**REQUIREMENT**
Each entry below is to be extracted exactly.
──────── AVAILABLE DATA
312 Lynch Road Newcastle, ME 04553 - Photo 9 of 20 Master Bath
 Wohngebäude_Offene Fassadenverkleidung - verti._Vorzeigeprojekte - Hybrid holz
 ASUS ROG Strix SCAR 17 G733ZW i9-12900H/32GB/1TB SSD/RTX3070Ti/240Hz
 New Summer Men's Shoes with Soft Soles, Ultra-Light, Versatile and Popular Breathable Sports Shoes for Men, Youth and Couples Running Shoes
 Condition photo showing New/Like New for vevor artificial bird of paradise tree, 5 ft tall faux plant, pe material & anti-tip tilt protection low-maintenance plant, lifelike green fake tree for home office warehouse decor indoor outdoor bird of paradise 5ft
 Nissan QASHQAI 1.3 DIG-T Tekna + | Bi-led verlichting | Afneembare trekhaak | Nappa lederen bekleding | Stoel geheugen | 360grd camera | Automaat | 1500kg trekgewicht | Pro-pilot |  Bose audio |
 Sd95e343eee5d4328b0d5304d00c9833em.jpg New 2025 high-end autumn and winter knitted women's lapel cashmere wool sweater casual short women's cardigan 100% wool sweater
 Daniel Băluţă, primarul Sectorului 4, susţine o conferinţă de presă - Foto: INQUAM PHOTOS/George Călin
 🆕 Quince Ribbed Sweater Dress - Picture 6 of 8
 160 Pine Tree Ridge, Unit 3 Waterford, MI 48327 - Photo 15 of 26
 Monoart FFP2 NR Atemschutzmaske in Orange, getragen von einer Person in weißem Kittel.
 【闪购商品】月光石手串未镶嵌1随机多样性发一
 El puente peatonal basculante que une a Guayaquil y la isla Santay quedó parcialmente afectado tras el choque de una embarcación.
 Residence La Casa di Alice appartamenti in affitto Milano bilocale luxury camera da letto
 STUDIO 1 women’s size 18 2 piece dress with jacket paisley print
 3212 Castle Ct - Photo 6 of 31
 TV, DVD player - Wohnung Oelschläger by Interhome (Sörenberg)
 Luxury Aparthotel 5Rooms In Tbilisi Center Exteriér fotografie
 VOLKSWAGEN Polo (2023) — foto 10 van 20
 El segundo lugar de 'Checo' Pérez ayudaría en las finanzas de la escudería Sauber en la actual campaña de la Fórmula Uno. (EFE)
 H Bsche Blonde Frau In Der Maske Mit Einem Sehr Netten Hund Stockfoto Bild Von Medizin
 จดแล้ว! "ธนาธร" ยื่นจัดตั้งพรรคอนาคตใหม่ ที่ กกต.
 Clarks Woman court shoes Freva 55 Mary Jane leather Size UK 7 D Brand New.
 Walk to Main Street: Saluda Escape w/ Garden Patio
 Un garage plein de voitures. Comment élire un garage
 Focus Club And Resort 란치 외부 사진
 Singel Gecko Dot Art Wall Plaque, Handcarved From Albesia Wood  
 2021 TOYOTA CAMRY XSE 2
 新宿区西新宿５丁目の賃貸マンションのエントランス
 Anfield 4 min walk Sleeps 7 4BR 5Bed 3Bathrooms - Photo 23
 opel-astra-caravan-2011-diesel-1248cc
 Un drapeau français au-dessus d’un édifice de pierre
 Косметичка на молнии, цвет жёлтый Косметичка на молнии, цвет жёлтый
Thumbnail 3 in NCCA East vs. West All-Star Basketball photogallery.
────────────────
**RESULT OF THIS TASK**
312 Lynch Road Newcastle, ME 04553 - Photo 9 of 20 Master Bath
 Wohngebäude_Offene Fassadenverkleidung - verti._Vorzeigeprojekte - Hybrid holz
 ASUS ROG Strix SCAR 17 G733ZW i9-12900H/32GB/1TB SSD/RTX3070Ti/240Hz
 New Summer Men's Shoes with Soft Soles, Ultra-Light, Versatile and Popular Breathable Sports Shoes for Men, Youth and Couples Running Shoes
 Condition photo showing New/Like New for vevor artificial bird of paradise tree, 5 ft tall faux plant, pe material & anti-tip tilt protection low-maintenance plant, lifelike green fake tree for home office warehouse decor indoor outdoor bird of paradise 5ft
 Nissan QASHQAI 1.3 DIG-T Tekna + | Bi-led verlichting | Afneembare trekhaak | Nappa lederen bekleding | Stoel geheugen | 360grd camera | Automaat | 1500kg trekgewicht | Pro-pilot |  Bose audio |
 Sd95e343eee5d4328b0d5304d00c9833em.jpg New 2025 high-end autumn and winter knitted women's lapel cashmere wool sweater casual short women's cardigan 100% wool sweater
 Daniel Băluţă, primarul Sectorului 4, susţine o conferinţă de presă - Foto: INQUAM PHOTOS/George Călin
 🆕 Quince Ribbed Sweater Dress - Picture 6 of 8
 160 Pine Tree Ridge, Unit 3 Waterford, MI 48327 - Photo 15 of 26
 Monoart FFP2 NR Atemschutzmaske in Orange, getragen von einer Person in weißem Kittel.
 【闪购商品】月光石手串未镶嵌1随机多样性发一
 El puente peatonal basculante que une a Guayaquil y la isla Santay quedó parcialmente afectado tras el choque de una embarcación.
 Residence La Casa di Alice appartamenti in affitto Milano bilocale luxury camera da letto
 STUDIO 1 women’s size 18 2 piece dress with jacket paisley print
 3212 Castle Ct - Photo 6 of 31
 TV, DVD player - Wohnung Oelschläger by Interhome (Sörenberg)
 Luxury Aparthotel 5Rooms In Tbilisi Center Exteriér fotografie
 VOLKSWAGEN Polo (2023) — foto 10 van 20
 El segundo lugar de 'Checo' Pérez ayudaría en las finanzas de la escudería Sauber en la actual campaña de la Fórmula Uno. (EFE)
 H Bsche Blonde Frau In Der Maske Mit Einem Sehr Netten Hund Stockfoto Bild Von Medizin
 จดแล้ว! "ธนาธร" ยื่นจัดตั้งพรรคอนาคตใหม่ ที่ กกต.
 Clarks Woman court shoes Freva 55 Mary Jane leather Size UK 7 D Brand New.
 Walk to Main Street: Saluda Escape w/ Garden Patio
 Un garage plein de voitures. Comment élire un garage
 Focus Club And Resort 란치 외부 사진
 Singel Gecko Dot Art Wall Plaque, Handcarved From Albesia Wood  
 2021 TOYOTA CAMRY XSE 2
 新宿区西新宿５丁目の賃貸マンションのエントランス
 Anfield 4 min walk Sleeps 7 4BR 5Bed 3Bathrooms - Photo 23
 opel-astra-caravan-2011-diesel-1248cc
 Un drapeau français au-dessus d’un édifice de pierre
 Косметичка на молнии, цвет жёлтый Косметичка на молнии, цвет жёлтый
Thumbnail 3 in NCCA East vs. West All-Star Basketball photogallery.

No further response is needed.